So far the team have analysed more than 200 embryos, each with one of 42 different genes knocked out. But unexpectedly, more than 80% of the gene deletions resulted in heart defects. Using an imaging technique called High Resolution Episcopic Microscopy the embryos were reconstructed in incredible 3D detail and studied down to the level of individual nerves and blood vessels. In the image below, the developing embryo heart is less than 2 mm across – smaller than the thickness of a matchstick – yet even the tiniest abnormality can be picked up.

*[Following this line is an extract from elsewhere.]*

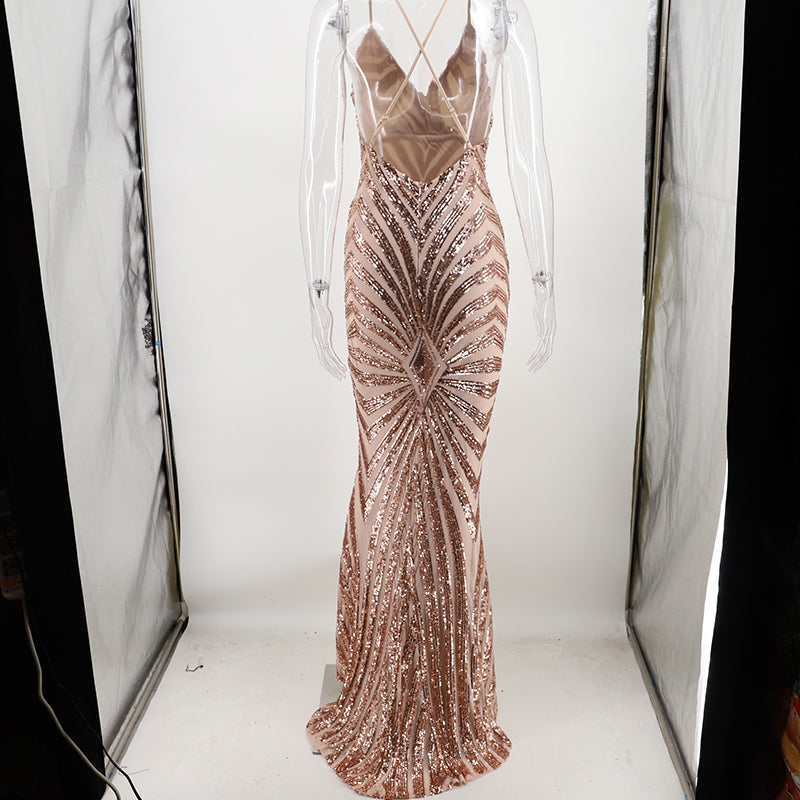 Summer Pink Sequins Straps Long Mermaid Evening Dress 9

“Even though we know that heart defects are common, we were really surprised that they were caused by more than 80% of our gene deletions. The data is a potential goldmine of information about the genetic basis of many different types of heart condition.” Dr Tim Mohun, DMDD.

 

Click to view larger image.
A 3D model of a mouse embryo heart using data from High Resolution Episcopic Microscopy.

 

The most common defects were problems with the walls that separate the right and left chambers of the heart. But there were also many defects in the heart valves, the outflow vessels (which carry blood out of the heart to the body or the lungs) and in the structure of the heart itself.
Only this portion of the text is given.